A research
group in New Jersey has taken a fresh look at postelection polling data and
concluded that the number of noncitizens voting illegally in U.S. elections is
likely far greater than previous estimates.
As many as
5.7 million noncitizens may have voted in the 2008 election, which put Barack
Obama in the White House.
The research
organization Just Facts, a widely cited, independent think tank led by
self-described conservatives and libertarians, revealed its number-crunching in
a report on national immigration.
Just Facts
President James D. Agresti and his team looked at
data from an extensive Harvard/YouGov study that every two years questions a
sample size of tens of thousands of voters. Some acknowledge they are
noncitizens and are thus ineligible to vote.
Just Facts’
conclusions confront both sides in the illegal voting debate: those who say it
happens a lot and those who say the problem nonexistent.
In one camp,
there are groundbreaking studies by professors at Old Dominion University in
Virginia who attempted to compile scientifically derived illegal voting numbers
using the Harvard data, called the Cooperative Congressional Election Study.
On the other
side are the professors who conducted the study and contended that “zero”
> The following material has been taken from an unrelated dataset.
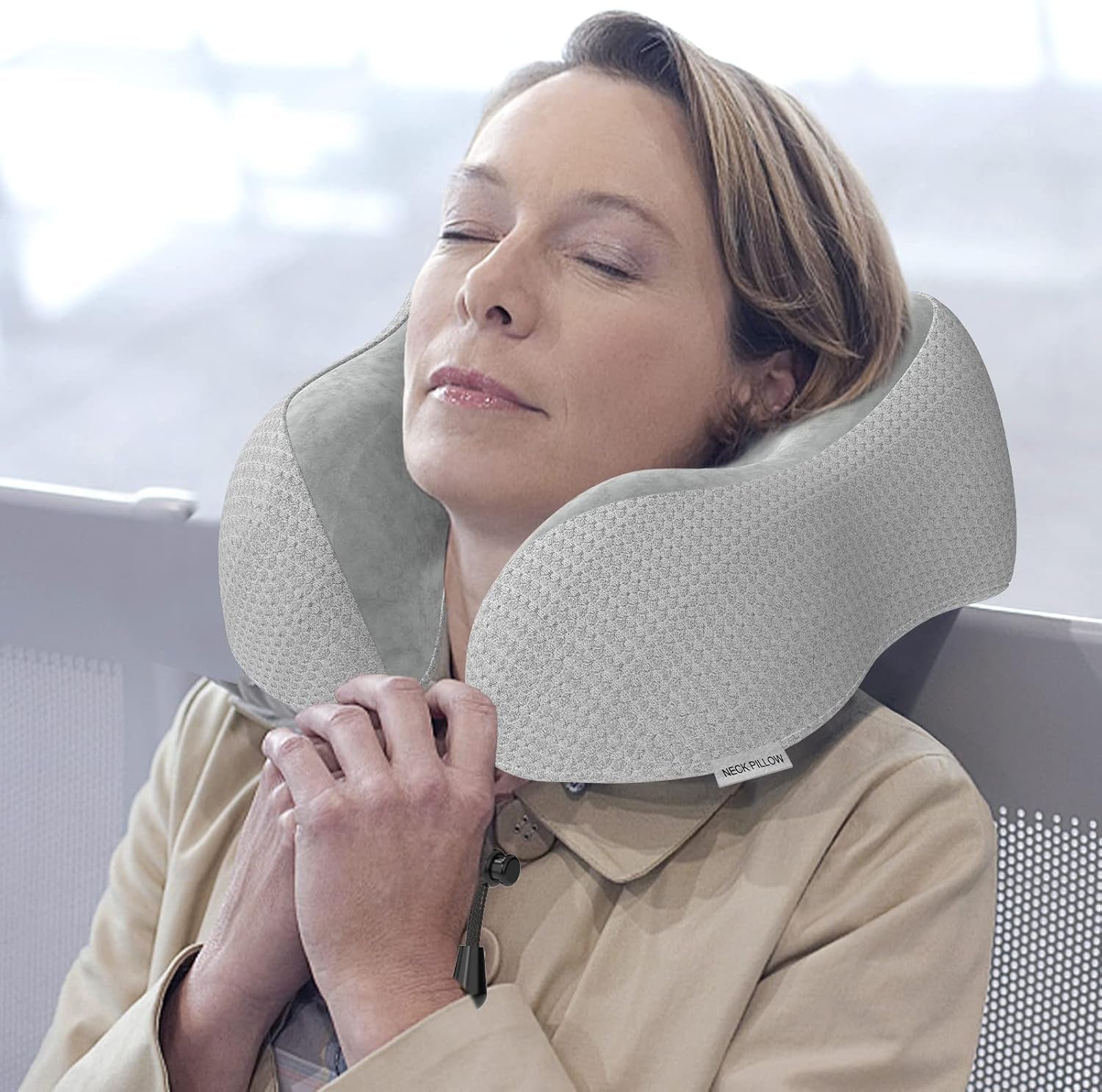 Travel Pillow Neck Pillow for Travel Airplane Memory Foam Flight Pillow for Cars, Trains, Home, Offices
noncitizens of about 18 million adults in the U.S. voted. The liberal
mainstream media adopted this position and proclaimed the Old Dominion work was
“debunked.”
The ODU
professors, who stand by their work in the face of attacks from the left,
concluded that in 2008 as few as 38,000 and as many as 2.8 million noncitizens
voted.
Mr. Agresti’s analysis of the same polling
data settled on much higher numbers. He estimated that as many as 7.9 million
noncitizens were illegally registered that year and 594,000 to 5.7 million
voted.
These numbers are more in line with the unverified estimates
given by President Trump, who said the number of ballots cast by noncitizens
was the reason he lost the popular vote to Hillary Clinton.
Last month,
the president signed an executive order setting up a commission to try to find
on-the-ground truth in illegal voting. Headed by Vice President Mike Pence, the
panel also will look at outdated voter lists across the nation with names of
dead people and multiple registrants.
For 2012,
Just Facts said, 3.2 million to 5.6 million noncitizens were registered to vote
and 1.2 million to 3.6 million of them voted.
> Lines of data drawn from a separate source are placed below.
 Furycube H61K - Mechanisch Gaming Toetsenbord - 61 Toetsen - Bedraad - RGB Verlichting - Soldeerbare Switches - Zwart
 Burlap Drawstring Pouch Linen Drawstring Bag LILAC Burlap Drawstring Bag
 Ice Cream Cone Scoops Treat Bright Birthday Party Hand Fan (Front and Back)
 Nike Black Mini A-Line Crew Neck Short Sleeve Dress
Mr. Agresti lays out his reasoning in a
series of complicated calculations, which he compares to U.S. Census Bureau
figures for noncitizen residents. Polls show noncitizens vote overwhelmingly
Democratic.
“The details
are technical, but the figure I calculated is based on a more conservative
margin of sampling error and a methodology that I consider to be more
accurate,” Mr. Agresti told The Washington Times.
He believes
the Harvard/YouGov researchers based their “zero” claim on two flawed
assumptions. First, they assumed that people who said they voted and identified
a candidate did not vote unless their names showed up in a database.
“This is
illogical, because such databases are unlikely to verify voters who use
fraudulent identities, and millions of noncitizens use them,” Mr. Agresti said.
He cites
government audits that show large numbers of noncitizens use false IDs and
Social Security numbers in order to function in the U.S., which could include
voting.
Second,
Harvard assumed that respondent citizens sometimes misidentified themselves as
noncitizens but also concluded that noncitizens never misidentified themselves
as citizens, Mr. Agresti said.
“This is
irrational, because illegal immigrants often claim they are citizens in order
to conceal the fact that they are in the U.S. illegally,” he said.
Some of the
polled noncitizens denied they were registered to vote when publicly available
databases show that they were, he said.
This
conclusion, he said, is backed by the Harvard/YouGov study’s findings of
consumer and vote data matches for 90 percent of participants but only 41
percent of noncitizen respondents.
As to why his
numbers are higher than the besieged ODU professors’ study, Mr. Agresti said: “I calculated the
margin of sampling error in a more cautious way to ensure greater confidence in
the results, and I used a slightly different methodology that I think is more
accurate.”
There is hard
evidence outside of polling that noncitizens do vote. Conservative activists
have conducted limited investigations in Maryland and Virginia that found
thousands of aliens were registered.
These
inquiries, such as comparing noncitizen jury pool rejections to voter rolls,
captured just a snapshot. But conservatives say they show there is a much
broader problem that a comprehensive probe by the Pence commission could
uncover.
The Public
Interest Legal Foundation, which fights voter fraud, released one of its most
comprehensive reports last month.
Its
investigation found that Virginia removed more than 5,500 noncitizens from
voter lists, including 1,852 people who had cast more than 7,000 ballots. The
people volunteered their status, most likely when acquiring driver’s licenses.
The Public Interest Legal Foundation said there are likely many more illegal
voters on Virginia’s rolls who have never admitted to being noncitizens.